The right way. Stay clear of overused sentiments (“we’re passionate about”) or generic phrases (“make a difference”) that dilute the power of persuasion. Use emotive and concrete words that add color and detail to the work your organization is doing. This not only makes your case statement more readable, but it also sets your organization apart from all the rest.


Lastly, the best proposals are believable. They convince readers that the proposed project is not only plausible – i.e., logically possible – but also probable. Increasingly, donors are viewing their philanthropy as investments that will generate social ROI. And as investment managers, they are looking to spend their resources on organizations and projects that have a high probability of netting them a solid return.

Here are a few ways in which you can bolster a donor’s confidence in your organization’s ability to get results.

Demonstrate impact:

Success is the love language of donors. If the project you’re pitching has a track record of achieving results, then you’ll want to talk about those outcomes. Nothing boosts confidence like past performance. Be sure to showcase the quantitative and qualitative changes that have occurred in people, systems, organizations, or communities as a result of your program.

Depending on how new or proven your project is, use the following tiered methods to demonstrate real or probable impact: “We’ve done this before, and here are the results …”

  • “We haven’t done this before, but we’ve seen it done successfully by others. For example …”
  • “Nobody’s tried this before, but it aligns with best practices and/or the latest research. For example …”
  • “This is a completely new idea, but we have a track record as an organization of achieving results from innovative projects. For example…”

Include social proof:

When was the last time you purchased an expensive product or service without first reading a review or asking others, “Does it really work?” According to studies, 70%-80% of consumers seek the opinion of others or look at reviews before purchasing. The same is true of donors. They want to hear from third parties whether your program really works.

Consider one or all of these options to powerfully enhance credibility through social proof:

  • A testimonial from someone who has directly experienced your project
  • An endorsement from a respected leader in a peer organization (that’s right – a competitor!)
  • A recommendation from a satisfied donor


Finally, don’t underestimate the destructive power of typos and poor grammar.
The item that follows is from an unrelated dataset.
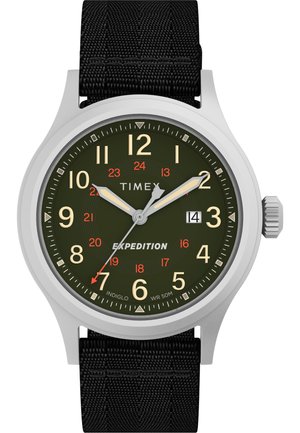Montre Timex Expedition avec un boîtier rond en acier inoxydable, un cadran vert foncé, des chiffres blancs et rouges, un bracelet en tissu noir et un affichage de la date.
It may seem like a small matter, but grammatical mistakes can undermine a donor’s confidence in an organization’s ability to deliver on its promise. If you want funding to cure leukemia, but can’t seem to spell leukemia, that’s a credibility buster.
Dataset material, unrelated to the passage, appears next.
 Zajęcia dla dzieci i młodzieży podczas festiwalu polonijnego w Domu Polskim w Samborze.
Every mom has uttered it, and it applies to funding as well: “If you want to be trusted with the big things, you must be trustworthy in the small things.” So be sure to triple-check your writing for punctuation, grammar, and accuracy. Mistakes, no matter how small, erode confidence.


The harsh truth is that it doesn’t matter how important your cause is, nor does it matter how good your organization is at addressing it. If donors don’t understand what you do (because it’s not clear or concise), or don’t care what you do (because it’s not compelling or credible), they’re not going to fund what you do.

So, if your team’s grantwriting portfolio resembles a Clint Eastwood movie – The Good, the Bad, and the Ugly – consider incorporating the Four “Cs” of great proposals that will dazzle your donors and power your projects.